Something like this:-
Map<Integer, Integer> numOccurence = new HashMap<Integer, Integer>();
for (int i = 0; i < hand.length; i++) {
int cnt = 1;
if (numOccurence.containsKey(hand[i])) {
cnt = numOccurence.get(hand[i]);
cnt++;
}
numOccurence.put(hand[i], cnt);
}
This code does not really work. At least it does for the author's use case but probably not for yours.
Try with {2, 4, 99, 2, 4}; as hand and it will fail.
The author takes the number found in hand as the index of array numOccurence.
numOccurence has the following structure : {nb occ of 0; nb occs of 1;...; nb occs of 4}. Here 99 will be out of bounds.
When you create an array
int[] numOccurence = new int[hand.length];
it is populated by their default values. For primitive int this value is 0.
This will of course only work if hand contains numbers less than or equal to max index (length -1) of the array otherwise it's ArrayIndexOutOfBound for you mister!
Actually it's the same method for creating histogram for picture ;)
You create a table where you will gather the occurrence.
numOccurence[0] will stock the number of 0
numOccurence[1] will stock the number of 1
etc.
That's what is done by this
for (int i = 0; i < hand.length; i++)
numOccurence[hand[i]]++;
it adds 1 to the value in the case corresponding to the number hand[i]
so if you look at this step by step
first he will take hand[0] = 2
so he will put
numOccurence[2] = numOccurence[2] + 1 ;
which is same (but faster to write) as
numOccurence[2]++;
This kind of performing a count is called counting sort.
The advantage of counting sort is it's speed. The disadvantage is the memory requirements when sorting big numbers.

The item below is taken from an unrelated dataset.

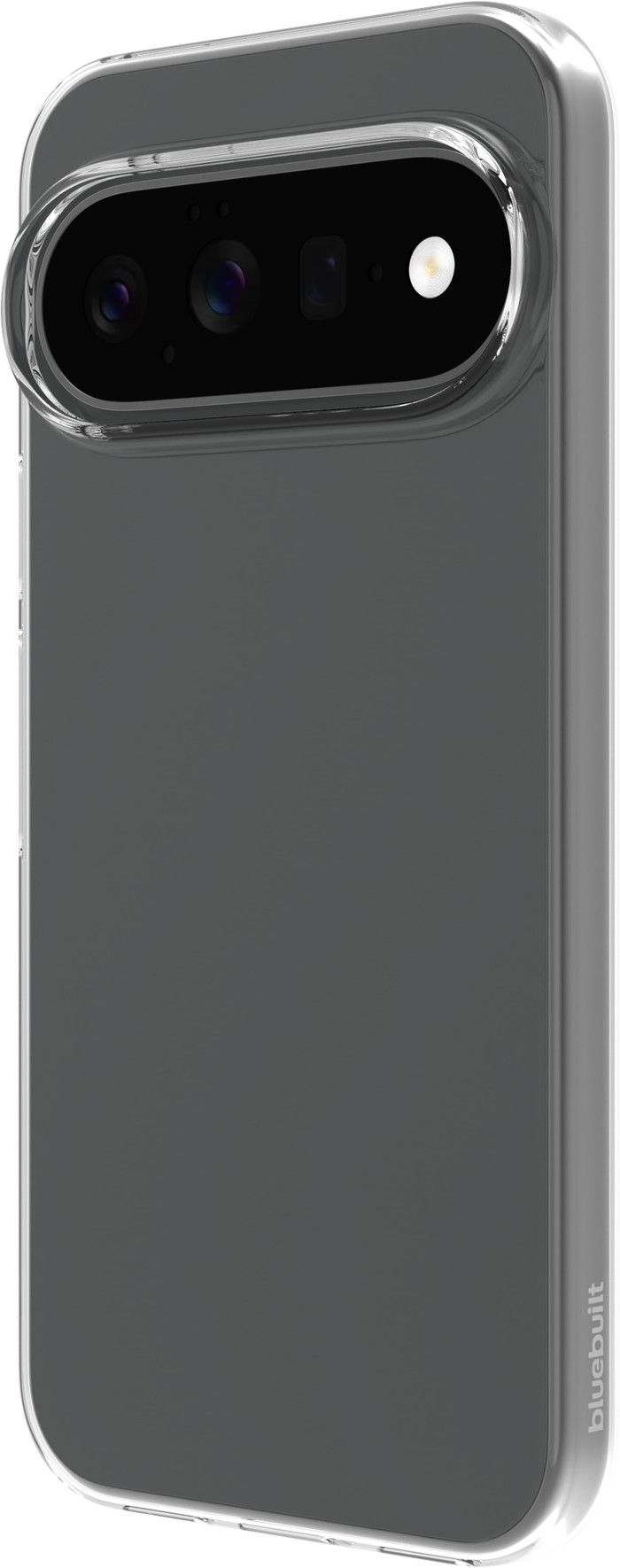 BlueBuilt Back Cover Google Pixel 11 / 11 Pro Transparant rechterkant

There is a bug in the code:
int[] numOccurence = new int[hand.length];
numOccurence needs to be as long as the highest number in the list (not the number of numbers in the list). Try changing one of the numbers to 15 and you will get an exception.
The code iterates through the given array hand. it takes each value encountered as an index into the array numOccurrence. for each number n in hand, this will happen exactly as often as n occurs in hand, and each time this happens, the nth element of numOccurrence will be incremented.

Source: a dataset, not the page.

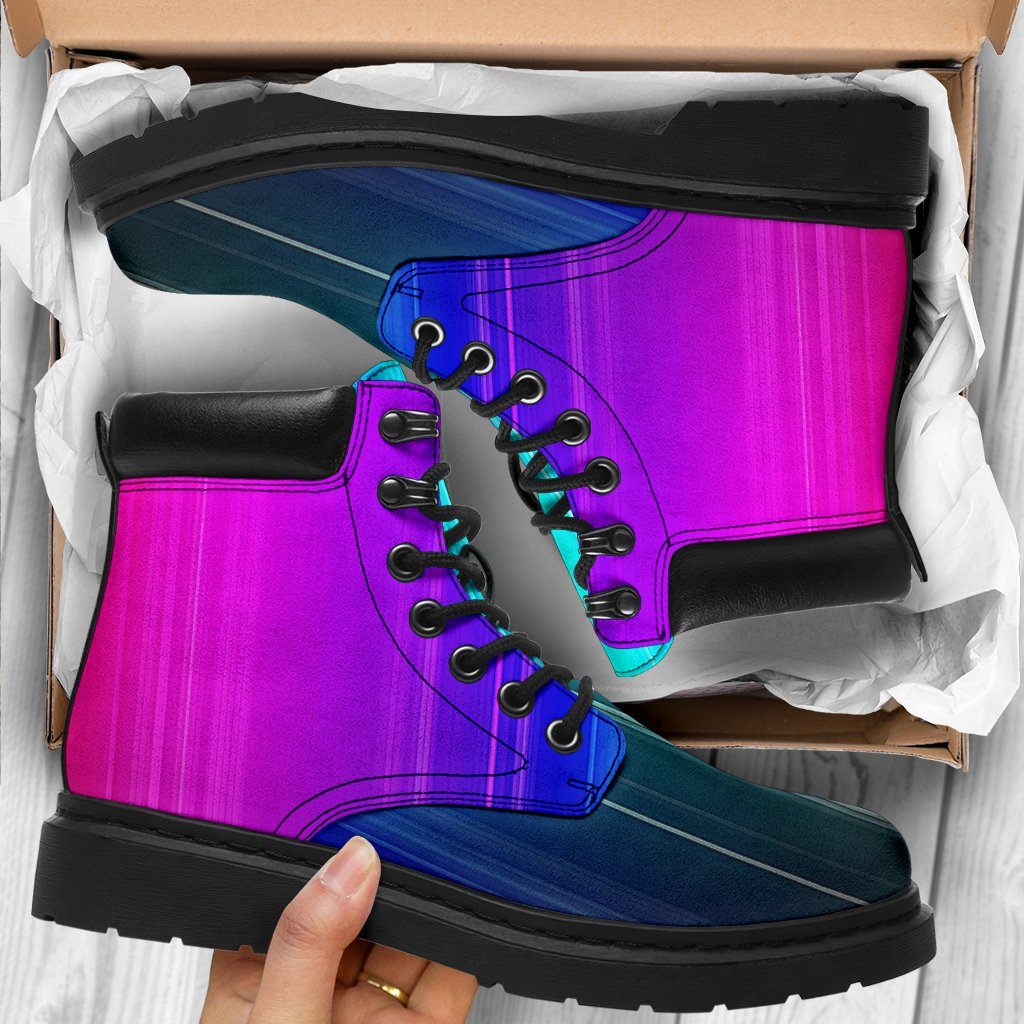 Rainbow Rush all weather boots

thus numOccurrence is effectively an array of counters (assuming that the array elements are initialized with 0).
drawbacks of this approach:
the number of counters allocated depends on the magnitude of numbers in your handarray.
if the numbers in your hand array are distributed sparsely, most of the allocated space is never used.
alternative
you could improve the code by sorting hands first. in the sorted array the indexes of all occurrences of a given number are contiguous, so you scan the sorted array once needing a single counter only to compile the frequencies.
First of all the code is wrong. You should set the size of numOccurence array to the max number value from hand array + 1. For example:
int[] hand = {2, 100};
int[] numOccurence[] = new int[101];
(you should obviously find max number programatically)
Now let's take a look at the algorithm.
It takes each number from hand array, treats it as a numOccurence index value and increments number at that index by 1 in hand array. Note that all elements of numOccurence array are 0 by default at the beginning.
int[] hand = {2, 4, 3, 2, 4};
int[] numOccurence = new int[5];
Steps:
i = 0 (nothing happens, because there is no 0 in hand array)
i = 1 (same situation as for 0)
i = 2 (there are two 2 numbers in hand array, so we do operation numOccurence[2] += 1 twice, which in result gives 0 + 1 + 1 = 2. So we got numOccurence[2] = 2)
it continues for all numbers from 0 to max number from hand array (here: 100).